[GIVEN INFORMATION — start]
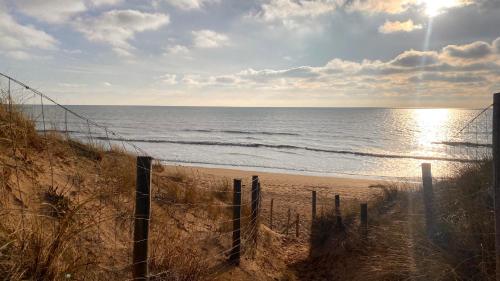una spiaggia con recinzione e oceano di L'Atlantide Maison & Spa - Accès direct à la plage a Saint-Hilaire-de-Riez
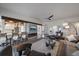 Spacious living room showcases a modern fireplace, sleek furniture, and seamless access to an adjacent dining area at 7895 S Zante Ct, Aurora, CO 80016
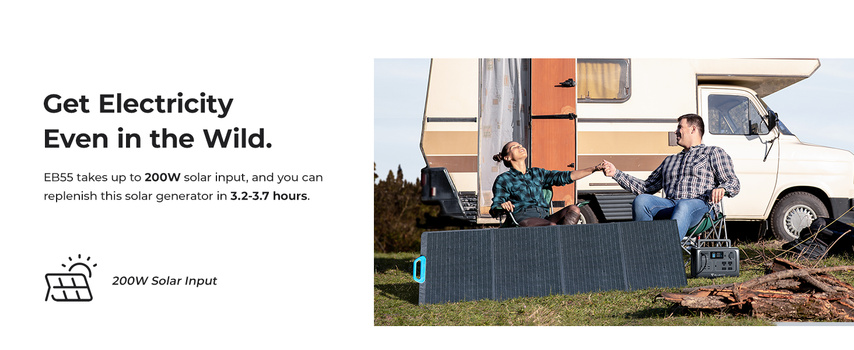 Three people gathered around a portable solar panel near a camper van in a natural outdoor setting.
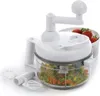 A white manual food chopper with a clear container filled with chopped vegetables, and a basket of strawberries in the background. Náhľad obrázku produktu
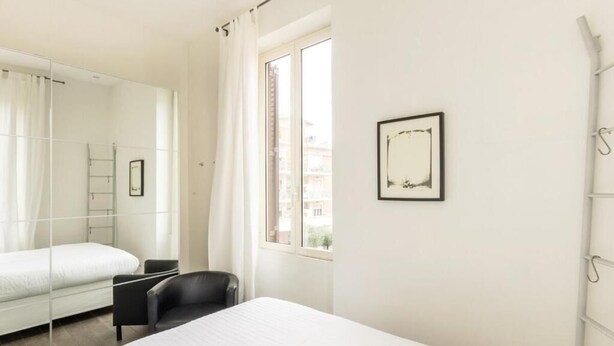 Habitación de hotel con cama, una silla, ventana y un cuadro en la pared.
[GIVEN INFORMATION — finish]
PROBLEM DESCRIPTION:
Extract, word for word, every line from the one holding "Spacious living room" through the closing line of the data above. Do not include any pictures.

THE ANSWER:
 Spacious living room showcases a modern fireplace, sleek furniture, and seamless access to an adjacent dining area at 7895 S Zante Ct, Aurora, CO 80016
 Three people gathered around a portable solar panel near a camper van in a natural outdoor setting.
 A white manual food chopper with a clear container filled with chopped vegetables, and a basket of strawberries in the background. Náhľad obrázku produktu
 Habitación de hotel con cama, una silla, ventana y un cuadro en la pared.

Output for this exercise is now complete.